[[ DATA LISTING open ]]

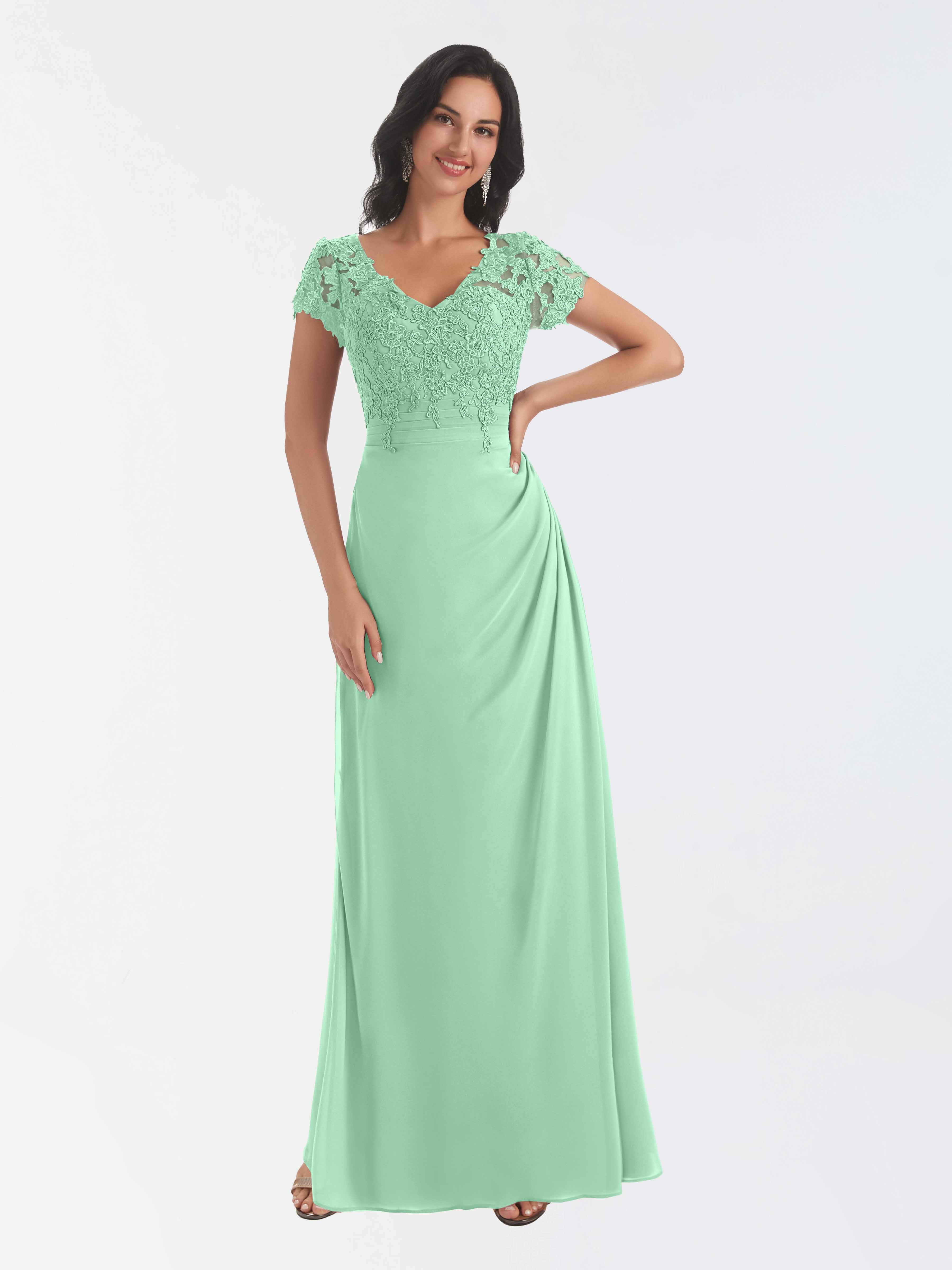 #Couleur_Vert Menthe
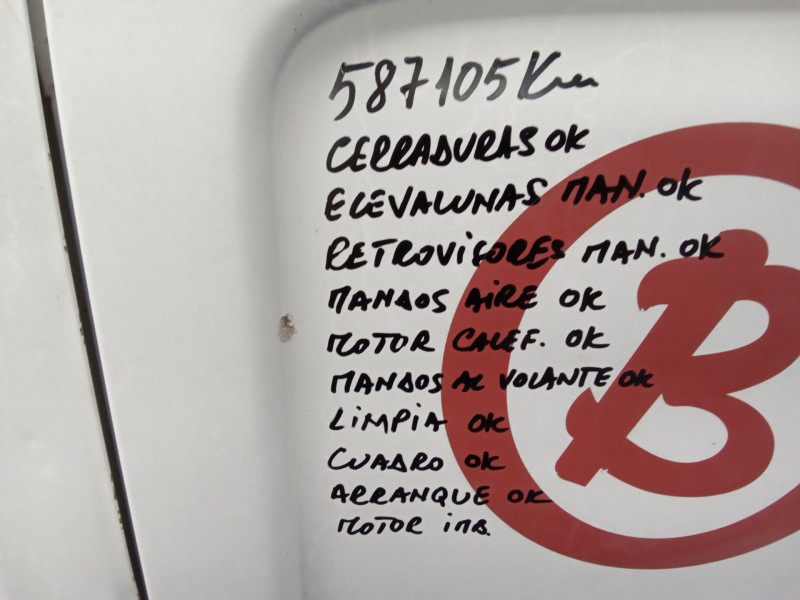 citroen berlingo del año 1996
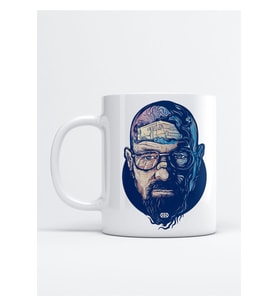 Breaking Bad Walter White Kupa Bardak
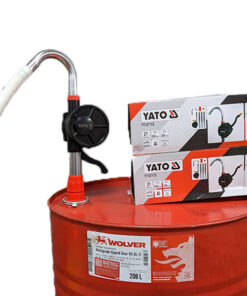 Bơm dầu quay tay cao cấp Yato YT-07115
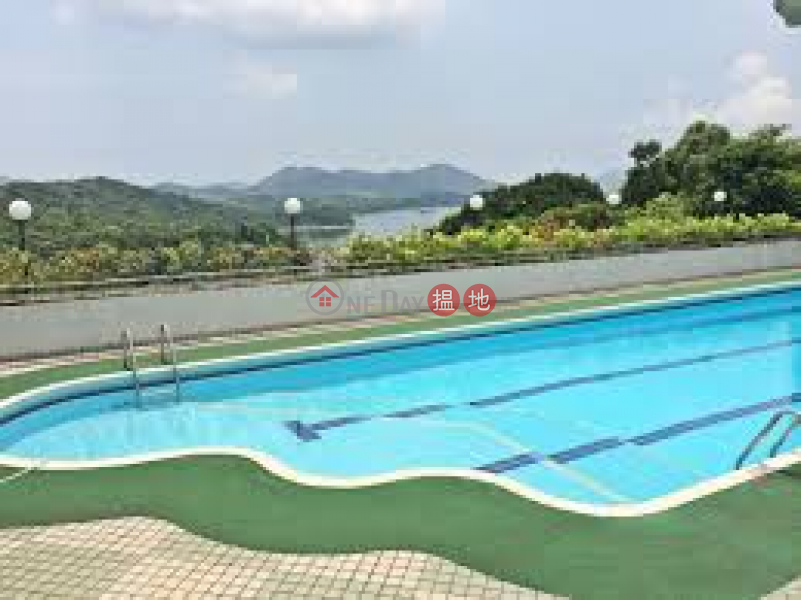 HK$ 33,000/ month Floral Villas, Sai Kung, Sea View Apt + Covered CP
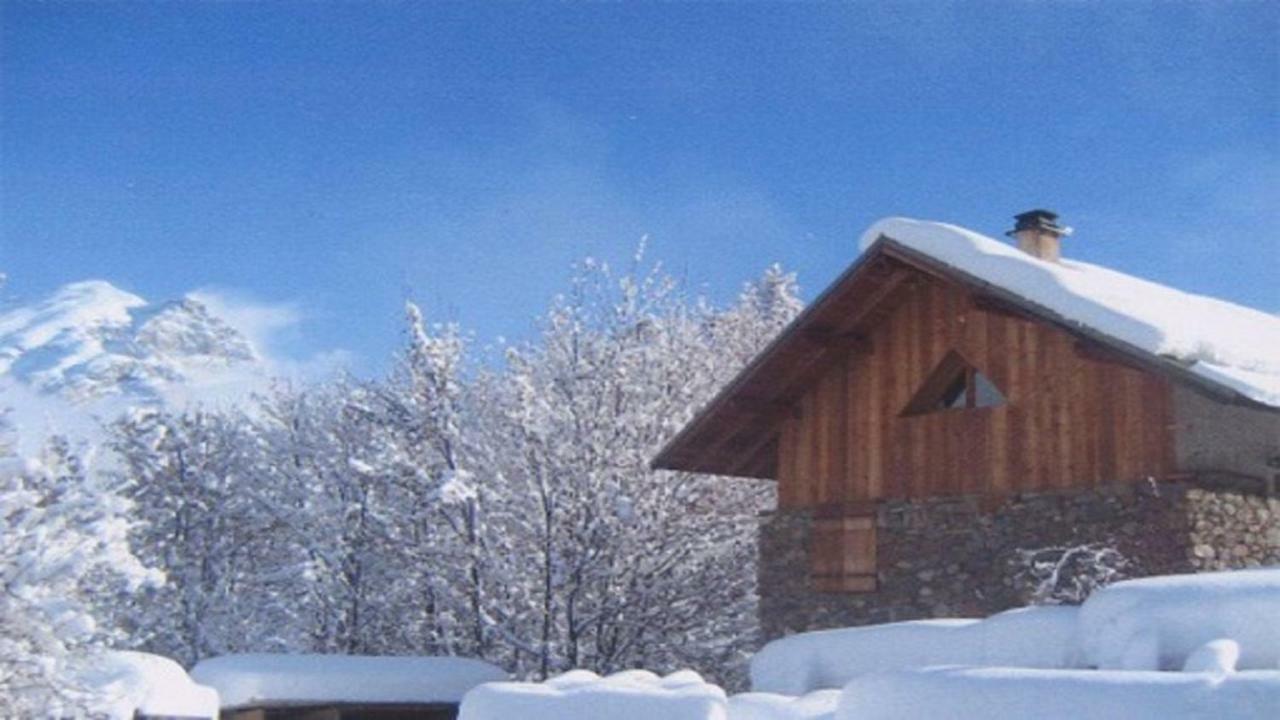 La Balme Apartman Puy-Saint-Vincent Kültér fotó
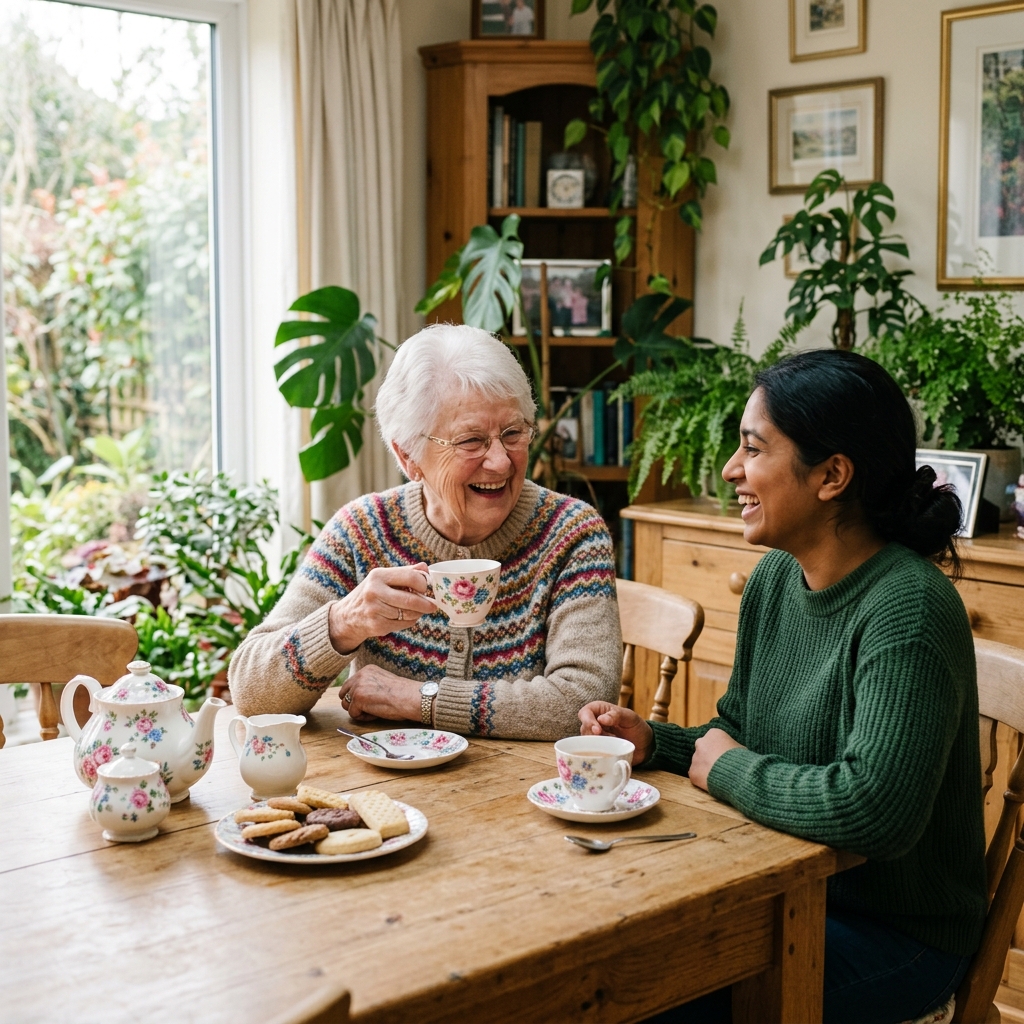 Respite Care detail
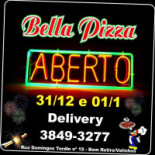 Bella Pizza Logo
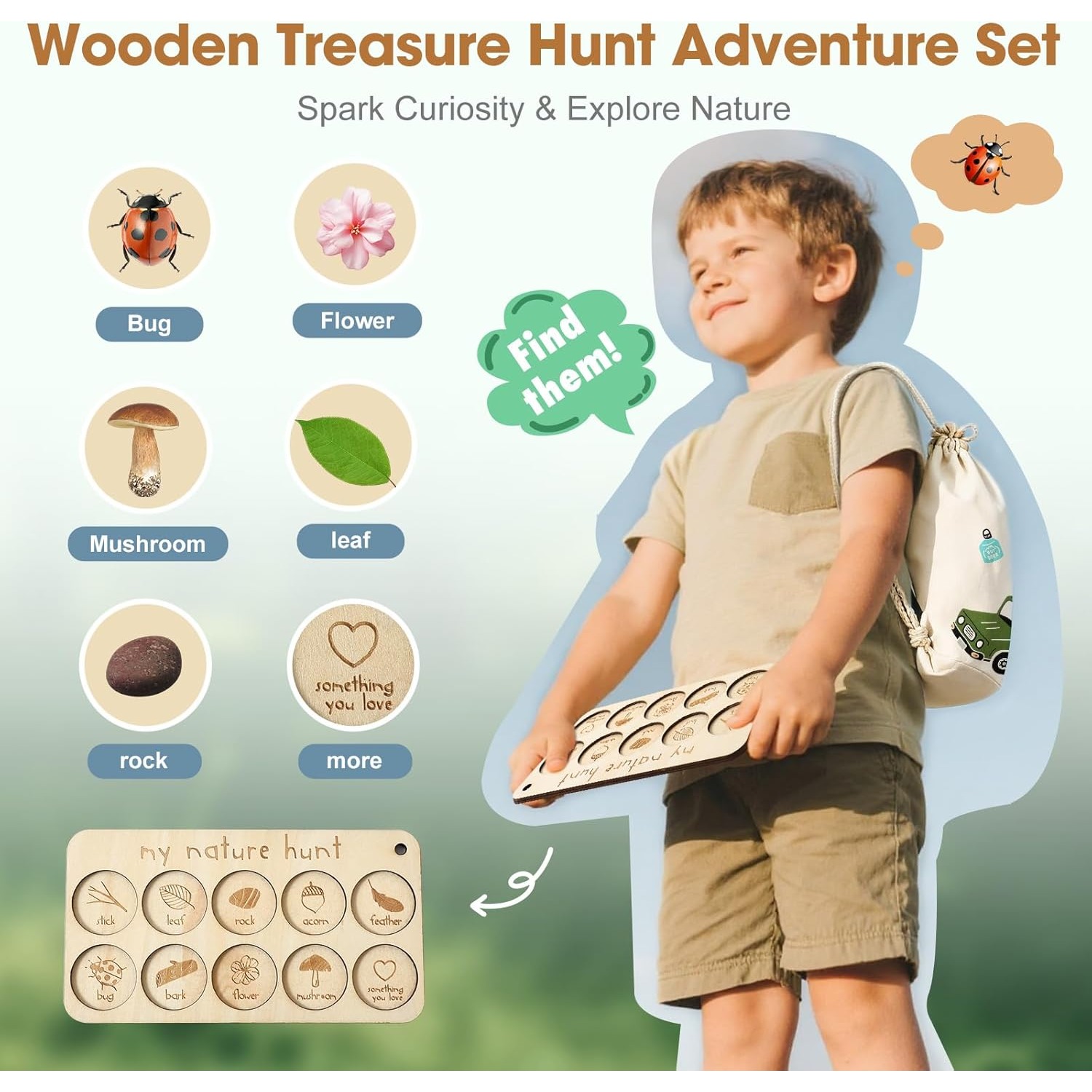 Kit de Captura de Insetos para - Hunting Outdoor Boys avaliação e preço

[[ DATA LISTING closed ]]

| WORK TASK |
Begin at the line that contains "Bella Pizza Logo" and transcribe every line through the end of the listing, exactly as written. Omit the pictures.

| RESPONSE |
 Bella Pizza Logo
 Kit de Captura de Insetos para - Hunting Outdoor Boys avaliação e preço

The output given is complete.